Ductapeforever said:


> A recent Round 2 blog post CONFIRMS that the Galileo kit will be 1/32nd scale afterall. So endless conversation on the subject should be saved for lobbying some aftermarket company to produce one in 1/24th scale. On a further disappointing note: the 1/350 Big 'E' has been delayed, no time frame was mentioned.


Fine. I've got no problem with that.



CLBrown said:


> Until/unless the intellectual property owner develops a "canon," and 100% consistent solution, every solution which attempts to blend the disparate elements will be "incorrect" to one extent or another. There simply isn't a "correct answer."


Agreed. The "best" answer will always be the one that reflects the individual's biases or what they feel is most important.

I, too, like the more shallow bow and lower section of the miniature, but ultimately I'm swayed by the consideration of which is more believable or realistic in my eyes. And note I did temper the bow a smidgen on my version. Also seeing the design in plain and flat 2D profiles looks different than seeing it 3D perspective views.


----------



## Warped9 (Sep 12, 2003)

Deleted.


----------



## BolianAdmiral (Feb 24, 2009)

Just how big would a 1/32 scale shuttle be?
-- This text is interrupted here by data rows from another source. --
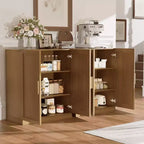 Meuble de rangement en grain de bois de 91,4 cm de haut en blanc, organisateur de rangement avec 2 portes en bois massif pour chambre/salon/salle à manger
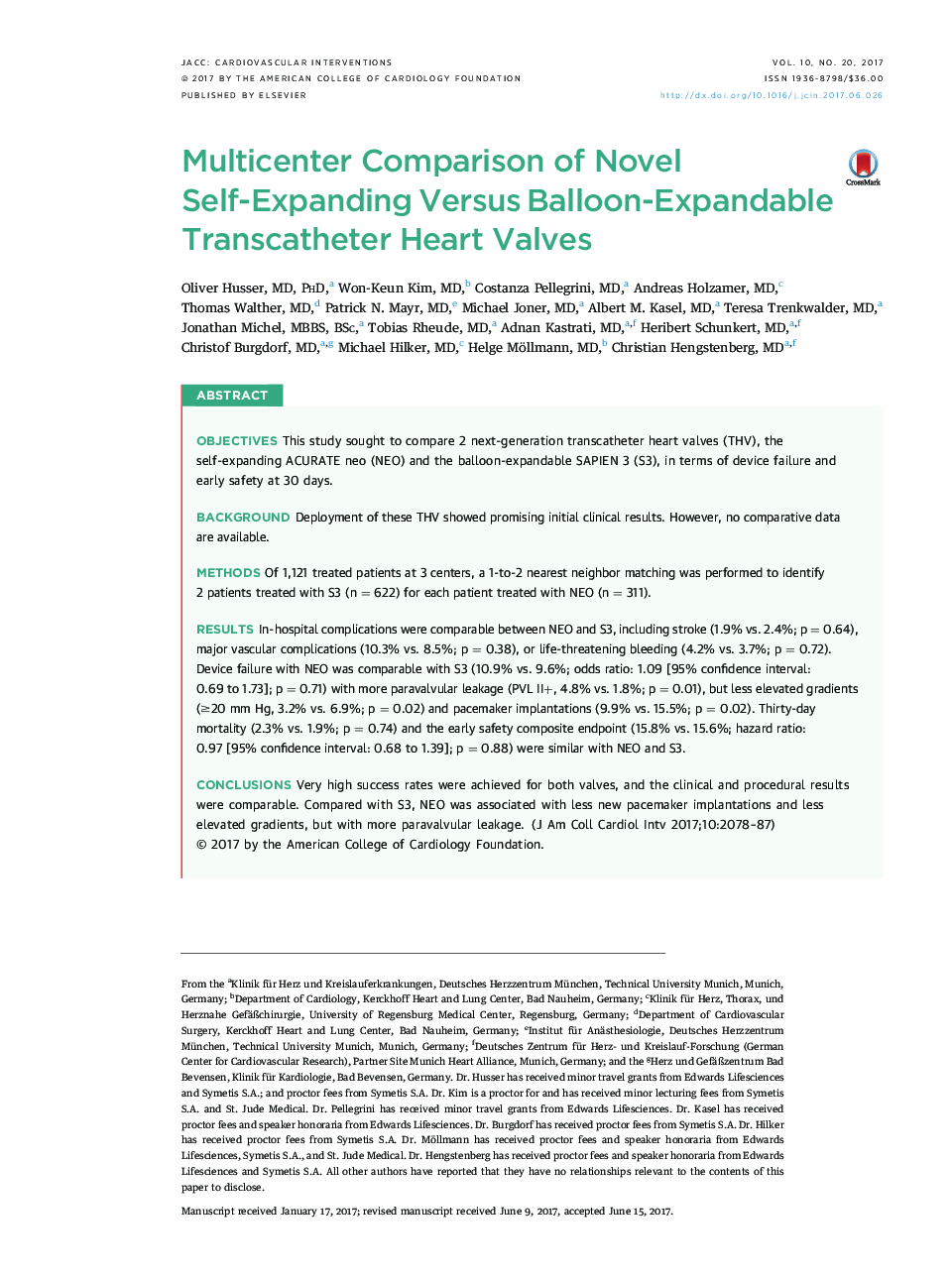 Multicenter Comparison of Novel Self-Expanding Versus Balloon-Expandable Transcatheter HeartÂ Valves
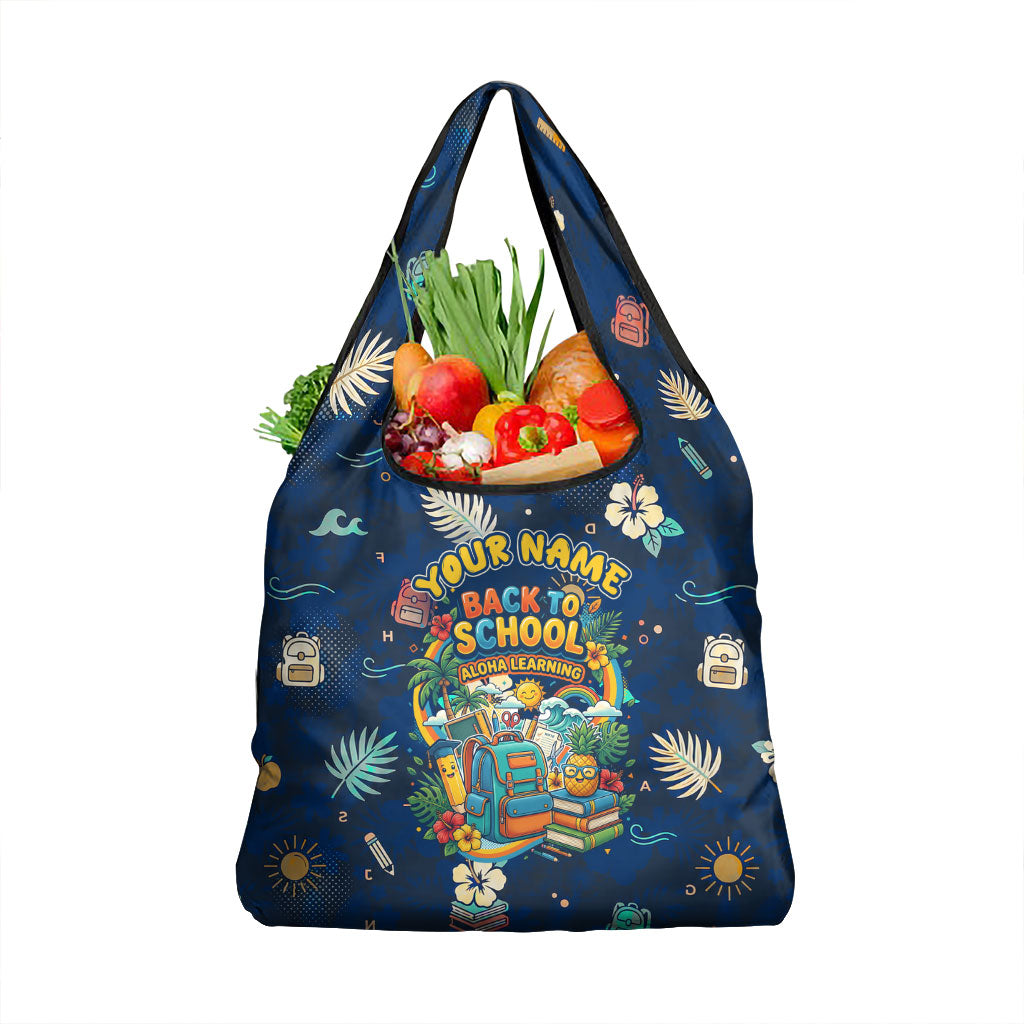 Personalized Hawaii Back To School Aloha Learning Grocery Bag Retro Rainbow open Notebook with Pineapple and Hibiscus Flowers TS04 1-pack One Size Blue - Polynesian Pride
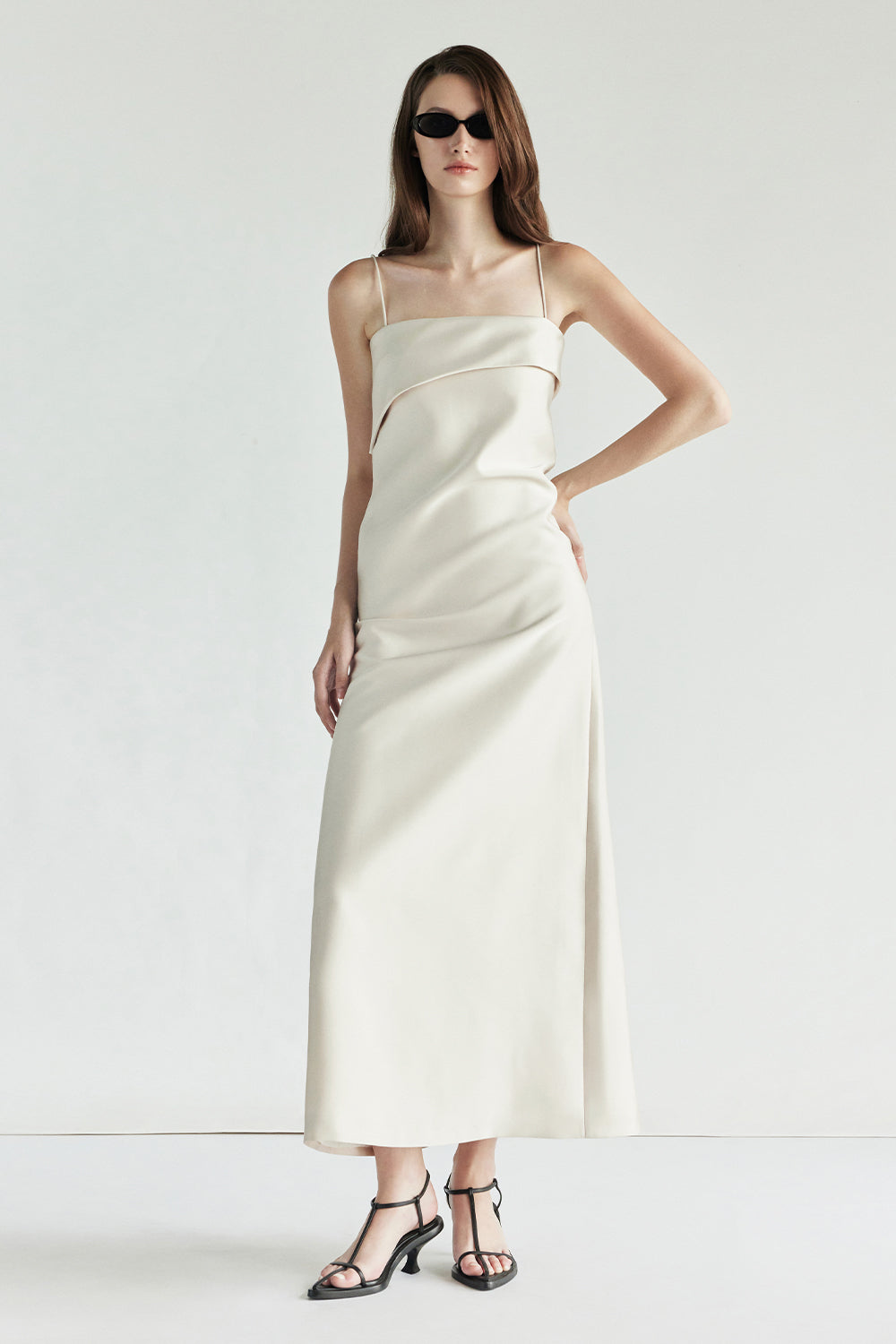 Women's Avery A-line Draped Maxi Dress XS/S/M/L Cream MEAN BLVD Women's Avery A-line Draped Maxi Dress XS/S/M/L Cream MEAN BLVD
How many inches long and wide?


----------



## Warped9 (Sep 12, 2003)

BolianAdmiral said:


> Just how big would a 1/32 scale shuttle be? How many inches long and wide?


1/32 scale:
24ft. shuttlecraft = 9in.
26ft. shuttlecraft = 9.75in.
29ft. shuttlecraft = 10.875in.

A 26ft. shuttlecraft would be a bit over 5in. wide.


----------



## BolianAdmiral (Feb 24, 2009)

Damn... that's pretty small... I was hoping for something the size of the Randy Cooper model. Oh, well.


----------



## Warped9 (Sep 12, 2003)

BolianAdmiral said:


> Damn... that's pretty small... I was hoping for something the size of the Randy Cooper model. Oh, well.


It isn't so bad. A lot of aircraft models are in that scale and they can have a lot of good detail. I suspect it could prove a bit more challenging (for the average modeler) when it comes to detailing the interior. But the exterior would be rather easy.

Also, on another note, I'm presently endeavouring to build a 3D model. When finished it will help me refine my drawings for better accuracy allround. From that one could scratchbuild a model of whatever size they wish. The current drawings are in 1/24 scale so one could take the measuresments right off the page.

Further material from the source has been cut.